Yellowface is a story about a brilliant writer, Juniper, who lacks ideas. She is cursed with a very successful writer friend, Athena, who churns out best sellers like it’s no big thang. June and Athena are hanging out one evening, drinking and laughing and actually acting like the friends they sorta kinda are, when Athena chokes to death on a pandan-flavoured pancake. Though June is a bit rattled by this experience, she decides in teh moment to steal Athena’s latest, secret manuscript before leaving the apartment.
June then reads Athena’s work, polishes it, and publishes it as her own. The rest of the story follows the fallout from this morally bankrupt act. She withstands the trolling and conjecture from the anonymous online who (rightfully) think the whole thing smells a bit fishy. In a most despicable move, June even manipulates Athena’s grieving mother to keep her thievery secret. The lies and deceit keep piling up, as her book sales skyrocket. There’s a bit of Lionel-Shriver-Esque “who is allowed to tell a story?” moral quandary here.

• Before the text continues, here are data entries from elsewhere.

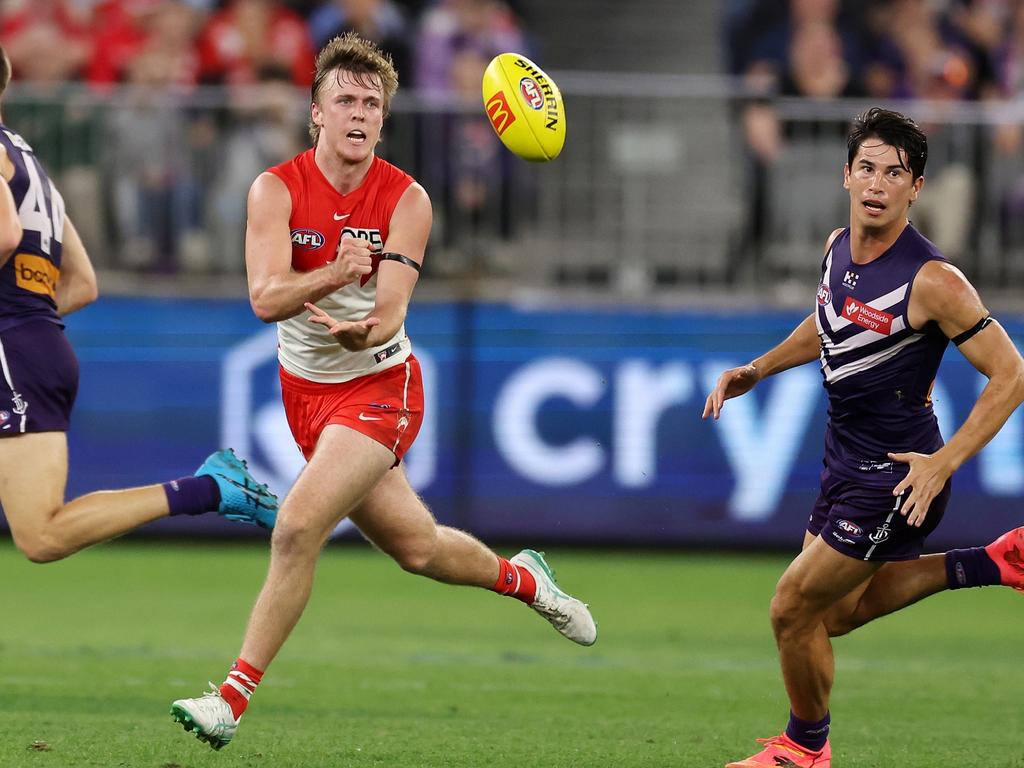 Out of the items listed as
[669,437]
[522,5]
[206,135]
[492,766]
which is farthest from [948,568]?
[522,5]

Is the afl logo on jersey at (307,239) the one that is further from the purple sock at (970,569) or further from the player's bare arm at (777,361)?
the purple sock at (970,569)

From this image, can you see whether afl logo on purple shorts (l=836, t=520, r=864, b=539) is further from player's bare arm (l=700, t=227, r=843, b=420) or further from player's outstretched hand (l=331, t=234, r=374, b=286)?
player's outstretched hand (l=331, t=234, r=374, b=286)

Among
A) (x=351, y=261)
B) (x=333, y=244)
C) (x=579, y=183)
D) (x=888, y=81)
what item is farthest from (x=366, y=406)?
(x=888, y=81)

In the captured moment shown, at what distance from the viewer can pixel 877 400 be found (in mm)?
6707

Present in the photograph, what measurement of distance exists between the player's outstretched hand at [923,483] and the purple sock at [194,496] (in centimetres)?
292

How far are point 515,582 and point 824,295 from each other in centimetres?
198

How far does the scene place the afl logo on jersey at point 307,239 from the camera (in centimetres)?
703

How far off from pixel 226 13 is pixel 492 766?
9692 millimetres

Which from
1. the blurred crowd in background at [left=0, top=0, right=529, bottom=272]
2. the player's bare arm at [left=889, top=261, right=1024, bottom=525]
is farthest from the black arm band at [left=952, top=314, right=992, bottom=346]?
the blurred crowd in background at [left=0, top=0, right=529, bottom=272]

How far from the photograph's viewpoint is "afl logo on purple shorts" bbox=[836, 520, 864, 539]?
6.65 metres

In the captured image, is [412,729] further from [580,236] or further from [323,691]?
[580,236]

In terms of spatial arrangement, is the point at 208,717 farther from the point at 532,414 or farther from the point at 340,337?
the point at 532,414

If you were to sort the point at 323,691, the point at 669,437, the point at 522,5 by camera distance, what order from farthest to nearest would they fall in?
the point at 522,5, the point at 669,437, the point at 323,691

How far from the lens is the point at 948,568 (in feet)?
23.2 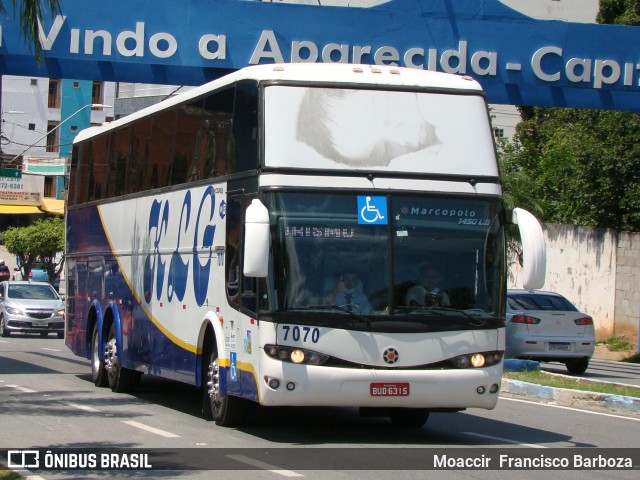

This book had me okay in the first half, but then just kind of meandered to an incredibly unsatisfying ending. I feel like, towards the end, it almost became a meta commentary on how a writer with a good idea can struggle to stretch it out to a full novel. There was not enough to sustain the narrative for me. There was a late-breaking story about June’s past that I think was supposed to bring a level of empathy for the character, but even that felt like I, the reader, was being manipulated in the same way that June was manipulating those around her. It all gets very messy with ‘ghosts’ and stalkers and trolls, then ends with a depressing thud.
I realise that the point of this is that June is racist, and that she is supposed to be an unlikable character. But what I dearly wish is that June suffered much more than she did throughout this whole story, and that the ending of this novel was the telling of a complete and utter implosion of her life.
But maybe that’s the point? White tears.
3 intentionally racially ambiguous photo shoots out of 5.